Using the MOAB Workload Manager - MOAB MPICH2 Job
Article Index
Using the MOAB Workload Manager
Basic MOAB Script
MOAB Serial Job
Running an interactive job
Running an MPI job
MOAB MPICH2 Job
MOAB OpenMPI Job
MOAB MPICH1 Job
Job Dependencies
MOAB Queues
All Pages

Example 3: Submitting a parallel job with mvapich2

To compile the trapezoid program using the Intel compiler, we first have to make sure it is in our path by executing:

$ module load intel
$ module load intel-mvapich2

We can check if we have the right compiler by running which mpicc and mpicc -v. To compile our program we run:

$  mpicc -o trap-mpichv2 trap.c  -lm

Note: The above command may produce the message: "warning: feupdateenv is not implemented and will always fail." This is normal and no cause for concern unless you know for certain that your compilation requires the use of this function.

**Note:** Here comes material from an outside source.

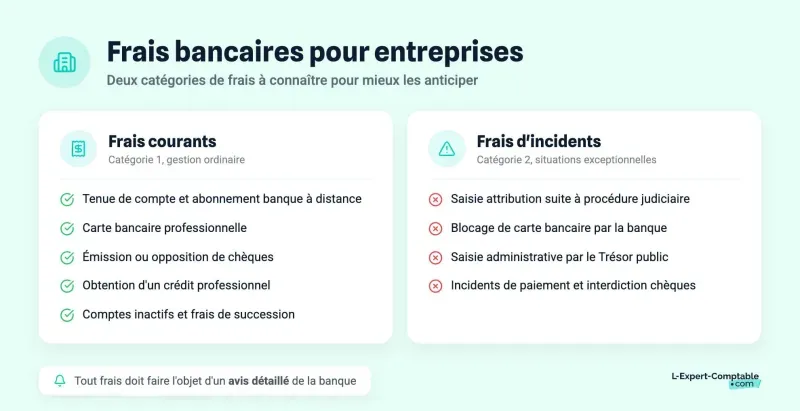 Frais bancaires pour entreprises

To submit the program to a batch system, you must create a startup script with the appropriate topology. Here is an example that requests 8 nodes, thus a total of 8 processes. The host file that mvampich2 uses must have the number of processors to use as host:N, where N is the number of processes. The mpdboot processes are started at one per node and the mpirun should start jobs at N per node. The argument to mpdboot must match the number of nodes and the argument to mpirun must match the number of nodes times the number of processes per node.

1 #!/bin/bash
2
3 #MOAB -l nodes=8
4 #MOAB -j oe
5 #MOAB -l walltime=60:00
6
7 module load intel-mvapich2
8
9 mpirun $PBS_O_WORKDIR/trap-mpich2

This script first sets up the right environment for the mpichv2 paths for the Intel compiler and then the mpirun program starts the executable trap-mpich2 on 8 nodes. In this example we have set the walltime to 1 hour (60 minutes). Although it's not imperative to set the walltime property, it does make it easier for the scheduler to schedule your job. Be sure not under-estimate the walltime, but over-estimate a bit.

If the file is saved as trap-mpichv2.sh, the job can be executed with:

$ msub trap-mpichv2.sh 

The above script makes the moab job submission very flexible. The number of processes that you request will be obtained not by the topology requested but by the nodes that have free cpus. For example, a 128 node job may end up working on 64 nodes with 2 free CPUs or 128 nodes with 1 free CPU or some linear combination of this.

This example script can be found on the cluster in /panfs/storage.local/system/tutorial/example2/trap-mpichv2.sh.